Hellooooo!👋🏾 How're you doing today? Well, for me, I'm in between fine and annoyed really. Today's newsletter will give a hint as to why I'm annoyed. I'm obviously fine because I'm at home, eating, reading novels, watching movies and many other things that don't involve law abeg.😭🤚🏾
Today, let's talk about BAD FRIENDSHIPS.
Bad friendships are never obvious at the beginning. They don’t walk into your life waving a red flag with “I will betray you in the most ridiculous way possible” stitched across it. They often arrive with warmth, laughter, shared secrets, and the kind of early loyalty that makes you believe you’ve found someone solid. You don’t think to check for cracks in the foundation because the roof feels sturdy and the walls feel safe.
But sometimes, those cracks aren’t cracks at all—they’re fault lines. And when they rupture, you don’t just lose the friendship; you lose the version of reality you thought you were living in.
Recently, I had one of those friendships implode and it wasn't quietly. Not in a “we drifted apart” way. No, this was the full theater production: lies, backstabbing, and a finale so dramatic I’m still caught between shock and dark amusement.
It’s one thing to have a disagreement. It’s another to watch someone you trusted take the truth, twist it into something unrecognizable, and parade themselves as the poor, wounded hero in a story you apparently co-starred in without your consent. The sheer commitment to the victim role would have been award-worthy—if it weren’t at my expense.
The most surreal part wasn’t even the betrayal itself; it was the creativity. The elaborate re-framing of events, the selective memory, the way inconvenient facts were quietly edited out. I found myself wondering if they actually believed their own version, or if it was simply more comfortable to play the wronged party than to admit fault.

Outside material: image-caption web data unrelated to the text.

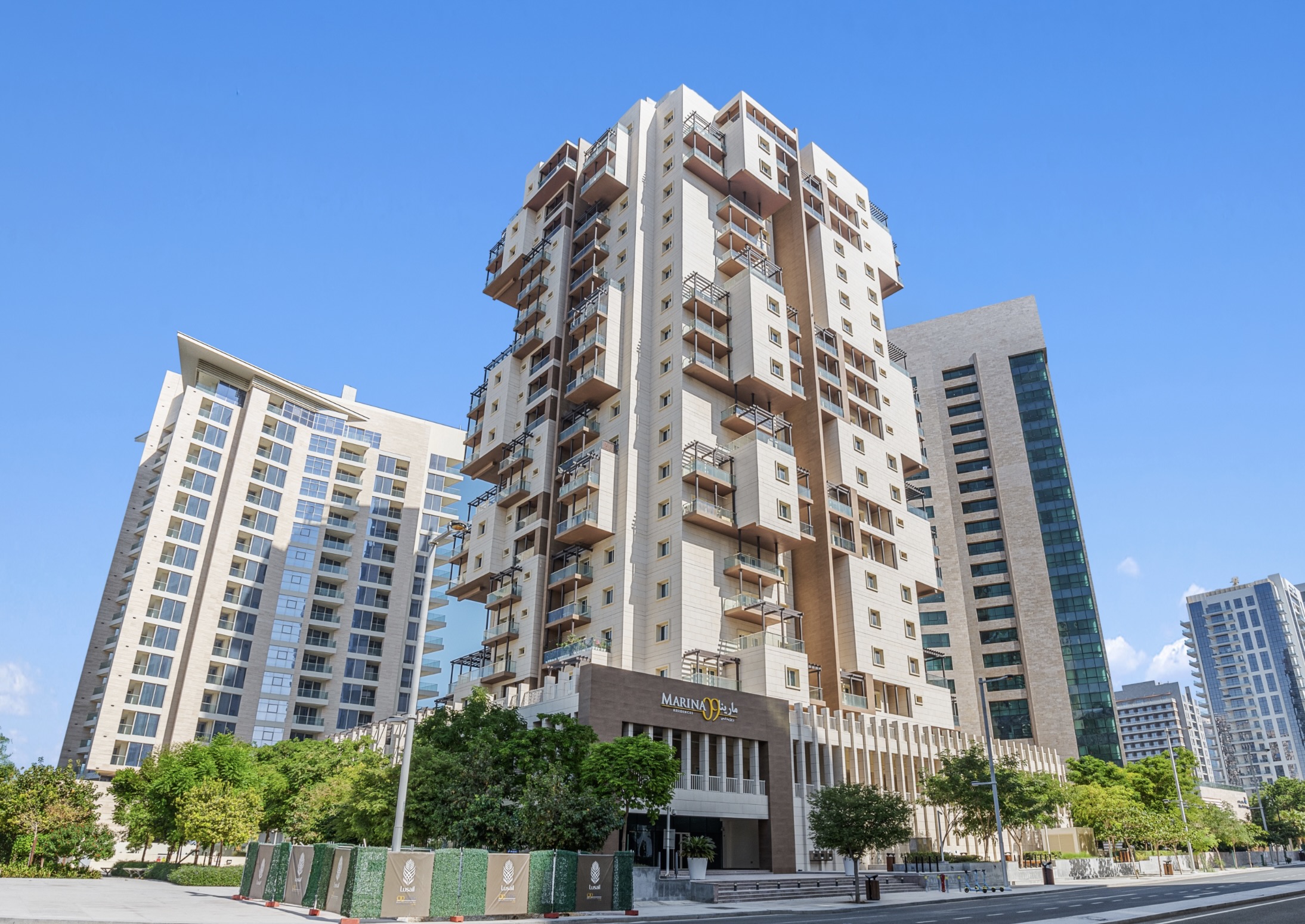 Marina 09 Residences — Alwatania International Investment and Real Estate Development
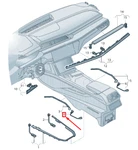 New Audi E-tron Gen Centre Console Led Module 4KE947356B 4KE-947-356-B. Fixed Price $34.00.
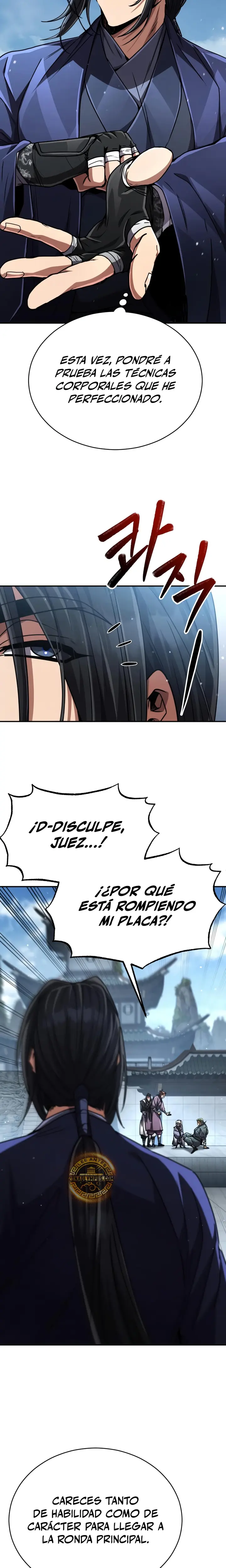 Reencarnación del Rey del Puño capítulo 26, página 19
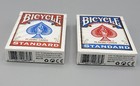  2 Decks  Bicycle Standard Playing Cards Red blue  new   Sealed 
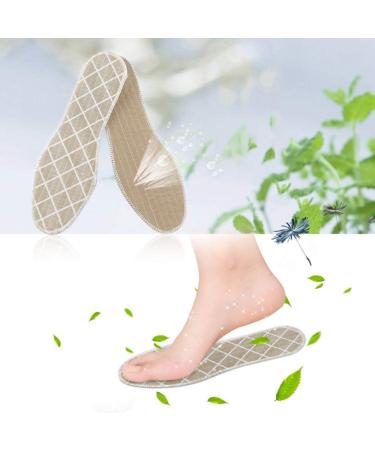 EXCEART 4 Pairs of Bamboo Charcoal Sports Insoles for Men Women - Size 44 | Breathable & Deodorizing Shoe Cushions - Buy Online on GoSupps.com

And here’s the thing: when someone is determined to be the victim, they will find a way to make it happen, no matter how much reality they have to distort. You can show receipts, you can lay out timelines, you can even point out their own words—but none of it will matter. They’ve already built their stage, written their script, and cast themselves in the starring role. You’re just an unwilling supporting character, painted in whatever colors make their story more sympathetic.
I used to think bad friendships were just mismatches in personality, or maybe a slow drifting apart. Now I know they can also be a study in human performance—where the person who once laughed with you is suddenly rehearsing monologues about your cruelty, and their applause comes from people who don’t know the full script.
And yet… once the dust settled, I noticed something strange. Beneath the hurt and disbelief, there was a tiny, reluctant smile. Not because betrayal feels good (it doesn’t), but because there was something absurd about the lengths this person went to paint themselves as the sainted sufferer. It was Shakespearean, really—if Shakespeare wrote petty, modern-day tragedies that take place over group chats and social media posts.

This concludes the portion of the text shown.